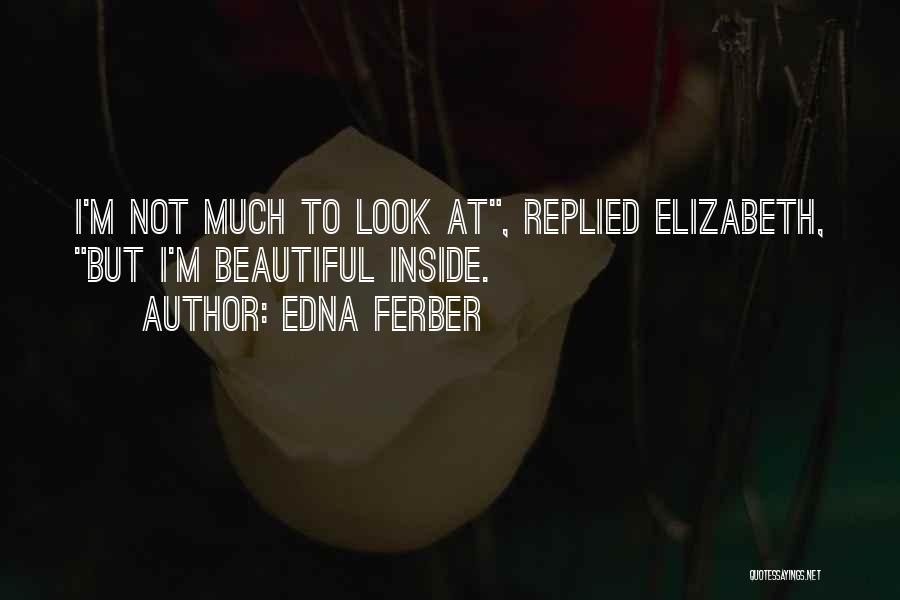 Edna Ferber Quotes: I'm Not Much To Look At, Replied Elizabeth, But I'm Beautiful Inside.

===

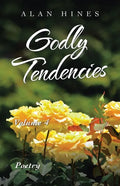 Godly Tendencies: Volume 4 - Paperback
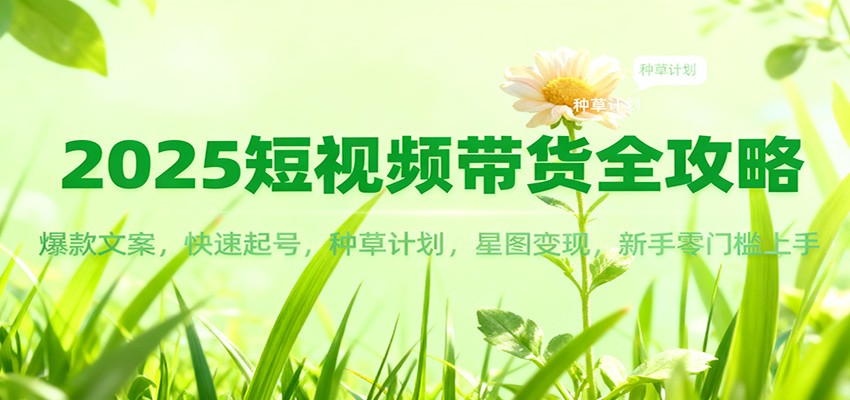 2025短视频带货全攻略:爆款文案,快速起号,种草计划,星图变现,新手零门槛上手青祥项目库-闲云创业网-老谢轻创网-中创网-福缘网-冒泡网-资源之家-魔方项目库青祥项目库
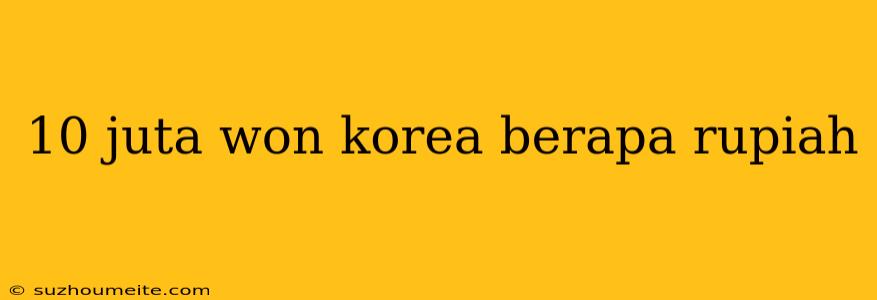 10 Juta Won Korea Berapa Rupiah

===

• [TASK STATEMENT]: Copy exactly the part of the material above that opens with the line containing "2025短视频带货全攻略:爆" and closes with the line containing "10 Juta Won Korea Berapa Rupiah", ends included. Drop the images.

• [SOLUTION FOR THIS PROBLEM]:
 2025短视频带货全攻略:爆款文案,快速起号,种草计划,星图变现,新手零门槛上手青祥项目库-闲云创业网-老谢轻创网-中创网-福缘网-冒泡网-资源之家-魔方项目库青祥项目库
 10 Juta Won Korea Berapa Rupiah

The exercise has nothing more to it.